Despite limitations stated above, our findings fill significant gaps in the literature regarding the spatial biases of public health surveillance data. Results confirm the efficacy of dog sentinel surveillance programmes in association with human Lyme disease. Interestingly, residual spatial dependence was identified among spatial models and potentially point to other geographic biases not considered. In particular, West Virginia is prone to border biases resulting from shared boundaries with states both high and low incidence of Lyme disease (CDC, 2015b; Hendricks and Mark- Carew, 2017). In addition to border bias, residual spatial dependence is potentially the result of geophysical, vegetation, soil or other ecological variables known to influence tick from previous studies (Guerra et al., 2001; Diuk-Wasser et al., 2012).
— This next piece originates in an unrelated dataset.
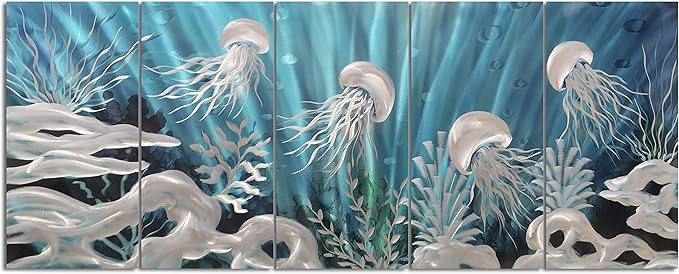 Yihui Arts Blue Deep Ocean Extra Large Jellyfish Metal Wall Art, in Modern Ocean Design, 3D Wall Art for Modern and Contemporary Decor, 5-Panels, Metal Wall Decor Works Indoors and Outdoors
Future research is warranted to incorporate these ecological variables as well as behavioural variables into spatial models to produce more accurate visualisation of human Lyme disease risk, thus including parameters such as dog ownership in rural vs urban counties where the level of exposure to tick habitats may differ. Results highlight the unique geographic position that West Virginia shares with its neighbouring states, and emphasise the necessity of spatial analysis to adjust for inherent biases associated with collection of public health surveillance data.